----- Listed records

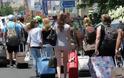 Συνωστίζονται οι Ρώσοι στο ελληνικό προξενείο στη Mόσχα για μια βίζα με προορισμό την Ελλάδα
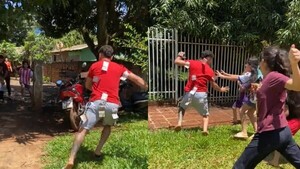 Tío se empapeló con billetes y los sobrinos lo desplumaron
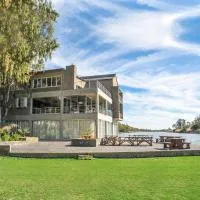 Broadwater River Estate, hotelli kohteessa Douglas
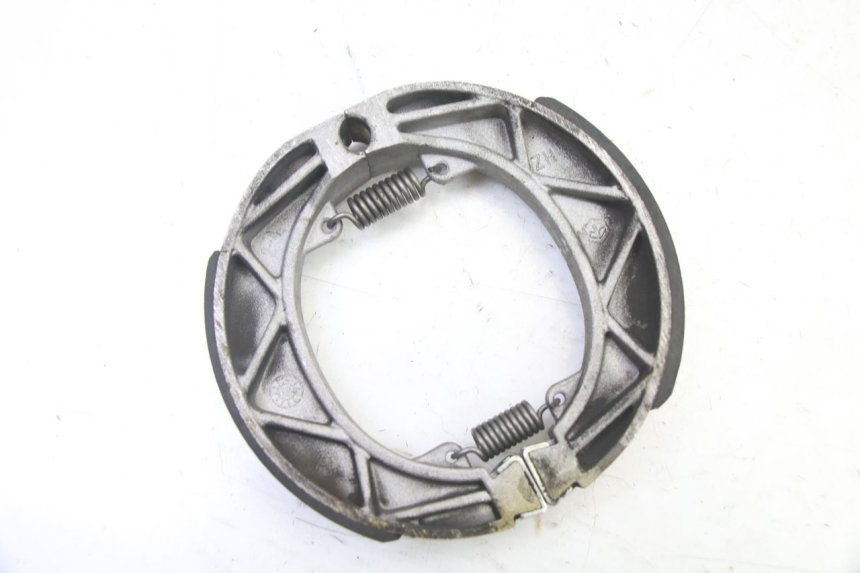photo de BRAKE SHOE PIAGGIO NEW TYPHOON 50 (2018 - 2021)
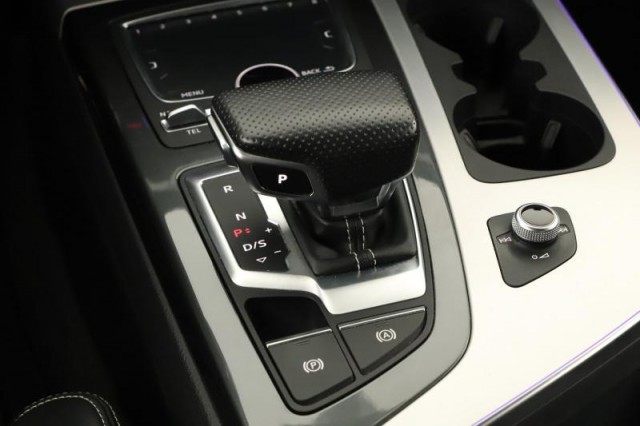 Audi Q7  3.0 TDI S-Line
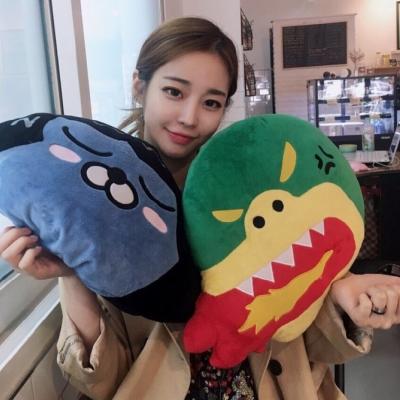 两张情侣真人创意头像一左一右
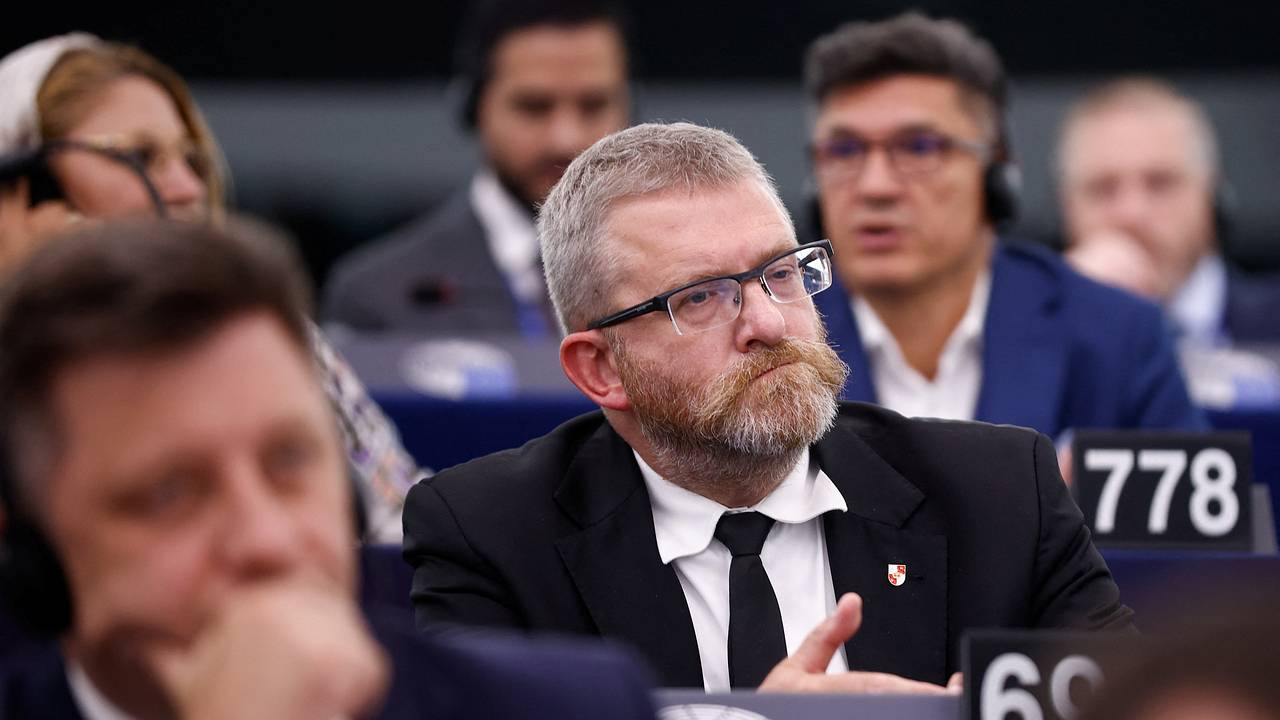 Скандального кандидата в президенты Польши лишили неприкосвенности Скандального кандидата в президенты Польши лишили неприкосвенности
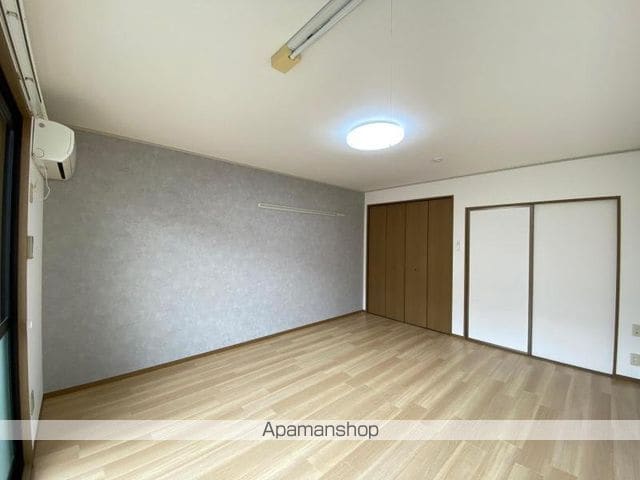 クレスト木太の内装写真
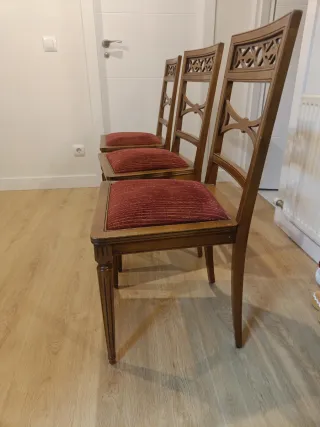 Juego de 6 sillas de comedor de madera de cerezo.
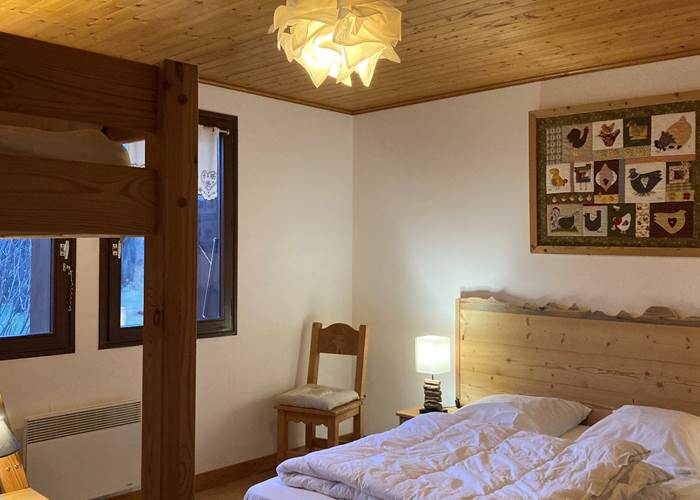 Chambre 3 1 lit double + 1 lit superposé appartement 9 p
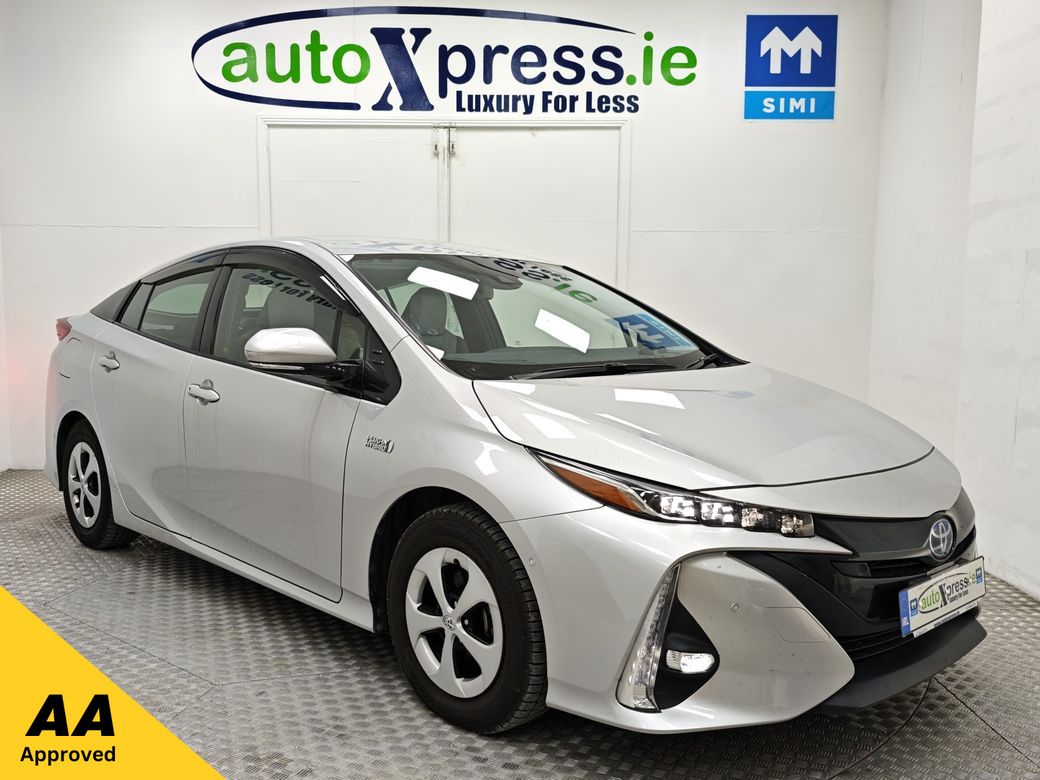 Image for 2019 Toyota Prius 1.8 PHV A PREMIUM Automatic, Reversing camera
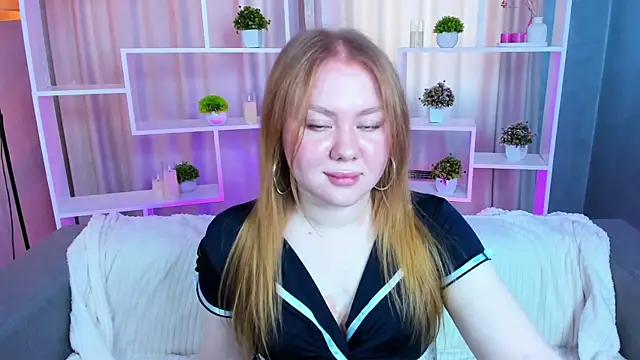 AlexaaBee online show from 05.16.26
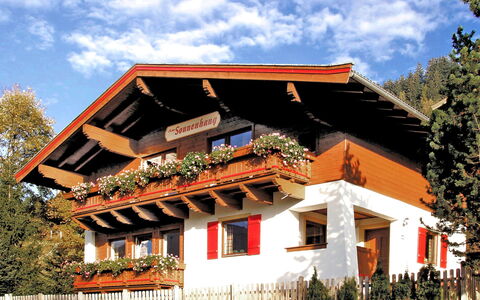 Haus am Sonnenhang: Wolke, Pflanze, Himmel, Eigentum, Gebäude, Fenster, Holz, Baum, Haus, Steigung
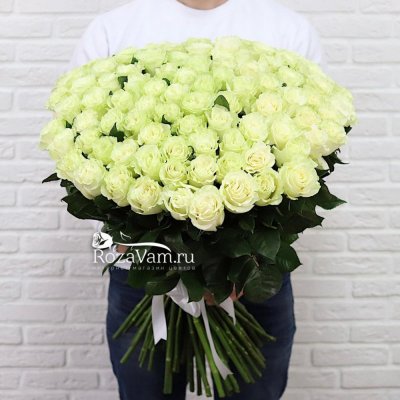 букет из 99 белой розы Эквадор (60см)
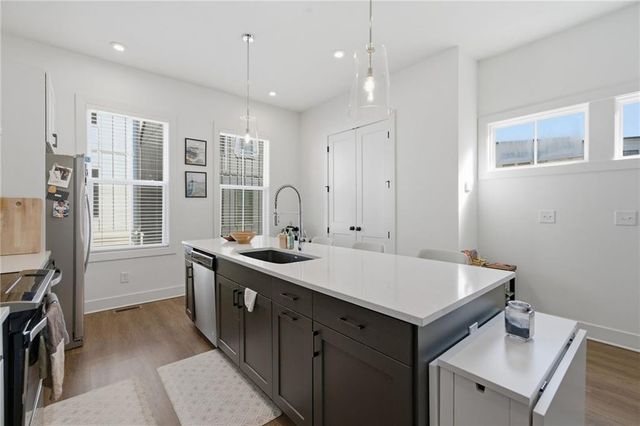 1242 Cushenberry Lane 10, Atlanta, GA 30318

----------

__Assignment__: Word for word, please reproduce each entry above and leave out every picture.

__Answer to this task__:
 Συνωστίζονται οι Ρώσοι στο ελληνικό προξενείο στη Mόσχα για μια βίζα με προορισμό την Ελλάδα
 Tío se empapeló con billetes y los sobrinos lo desplumaron
 Broadwater River Estate, hotelli kohteessa Douglas
photo de BRAKE SHOE PIAGGIO NEW TYPHOON 50 (2018 - 2021)
 Audi Q7  3.0 TDI S-Line
 两张情侣真人创意头像一左一右
 Скандального кандидата в президенты Польши лишили неприкосвенности Скандального кандидата в президенты Польши лишили неприкосвенности
 クレスト木太の内装写真
 Juego de 6 sillas de comedor de madera de cerezo.
 Chambre 3 1 lit double + 1 lit superposé appartement 9 p
 Image for 2019 Toyota Prius 1.8 PHV A PREMIUM Automatic, Reversing camera
 AlexaaBee online show from 05.16.26
 Haus am Sonnenhang: Wolke, Pflanze, Himmel, Eigentum, Gebäude, Fenster, Holz, Baum, Haus, Steigung
 букет из 99 белой розы Эквадор (60см)
 1242 Cushenberry Lane 10, Atlanta, GA 30318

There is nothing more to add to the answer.